Short text fragments from websites

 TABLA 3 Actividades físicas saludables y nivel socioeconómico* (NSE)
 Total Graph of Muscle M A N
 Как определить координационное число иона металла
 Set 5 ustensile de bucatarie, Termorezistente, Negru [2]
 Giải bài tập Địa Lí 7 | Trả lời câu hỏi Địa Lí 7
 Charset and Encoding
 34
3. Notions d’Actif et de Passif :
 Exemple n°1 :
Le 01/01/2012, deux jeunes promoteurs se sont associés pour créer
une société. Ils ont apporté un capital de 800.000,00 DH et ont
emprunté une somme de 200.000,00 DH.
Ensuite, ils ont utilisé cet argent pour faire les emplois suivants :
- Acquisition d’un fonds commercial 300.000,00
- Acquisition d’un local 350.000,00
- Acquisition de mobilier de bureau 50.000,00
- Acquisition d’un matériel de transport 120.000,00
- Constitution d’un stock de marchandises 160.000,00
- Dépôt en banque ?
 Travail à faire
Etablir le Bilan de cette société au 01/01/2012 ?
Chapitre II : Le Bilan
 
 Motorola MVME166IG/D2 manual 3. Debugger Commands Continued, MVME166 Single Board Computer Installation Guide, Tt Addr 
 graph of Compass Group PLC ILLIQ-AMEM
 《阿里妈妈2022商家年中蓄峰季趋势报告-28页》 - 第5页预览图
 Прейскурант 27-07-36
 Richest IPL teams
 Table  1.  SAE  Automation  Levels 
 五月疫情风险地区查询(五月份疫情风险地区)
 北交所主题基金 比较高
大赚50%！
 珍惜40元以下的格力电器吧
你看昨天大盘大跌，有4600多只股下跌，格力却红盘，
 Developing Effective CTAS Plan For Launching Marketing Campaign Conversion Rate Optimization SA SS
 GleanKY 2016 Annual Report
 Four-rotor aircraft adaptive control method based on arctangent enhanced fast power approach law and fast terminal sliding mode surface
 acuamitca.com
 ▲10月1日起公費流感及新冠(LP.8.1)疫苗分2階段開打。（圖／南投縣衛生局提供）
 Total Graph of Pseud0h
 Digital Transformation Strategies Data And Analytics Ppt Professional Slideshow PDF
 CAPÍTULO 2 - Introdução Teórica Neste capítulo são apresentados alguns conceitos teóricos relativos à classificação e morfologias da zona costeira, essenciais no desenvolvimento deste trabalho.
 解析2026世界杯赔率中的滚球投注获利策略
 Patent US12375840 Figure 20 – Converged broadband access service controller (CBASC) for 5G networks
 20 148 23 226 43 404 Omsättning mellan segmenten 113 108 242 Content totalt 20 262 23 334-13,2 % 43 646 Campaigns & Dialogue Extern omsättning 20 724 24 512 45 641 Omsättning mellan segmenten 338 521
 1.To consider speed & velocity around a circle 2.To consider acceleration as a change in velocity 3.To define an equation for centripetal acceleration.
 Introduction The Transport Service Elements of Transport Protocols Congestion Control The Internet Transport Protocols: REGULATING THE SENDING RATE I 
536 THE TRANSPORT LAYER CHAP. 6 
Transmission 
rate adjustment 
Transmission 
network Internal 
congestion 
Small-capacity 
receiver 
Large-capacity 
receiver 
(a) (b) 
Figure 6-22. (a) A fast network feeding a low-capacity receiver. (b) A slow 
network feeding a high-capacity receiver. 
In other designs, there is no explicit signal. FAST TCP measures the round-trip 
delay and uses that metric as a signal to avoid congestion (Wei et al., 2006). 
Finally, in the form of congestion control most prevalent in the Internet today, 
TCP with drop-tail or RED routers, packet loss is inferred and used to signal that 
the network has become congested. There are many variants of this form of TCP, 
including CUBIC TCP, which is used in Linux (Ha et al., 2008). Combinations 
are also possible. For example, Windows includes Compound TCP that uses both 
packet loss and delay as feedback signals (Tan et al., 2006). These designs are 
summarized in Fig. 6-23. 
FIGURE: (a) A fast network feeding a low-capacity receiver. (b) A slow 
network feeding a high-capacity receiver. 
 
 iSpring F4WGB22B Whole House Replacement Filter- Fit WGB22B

PROBLEM TO SOLVE: Return every line in the records that includes the string "slow".

FINISHED TASK:
Figure 6-22. (a) A fast network feeding a low-capacity receiver. (b) A slow 
FIGURE: (a) A fast network feeding a low-capacity receiver. (b) A slow 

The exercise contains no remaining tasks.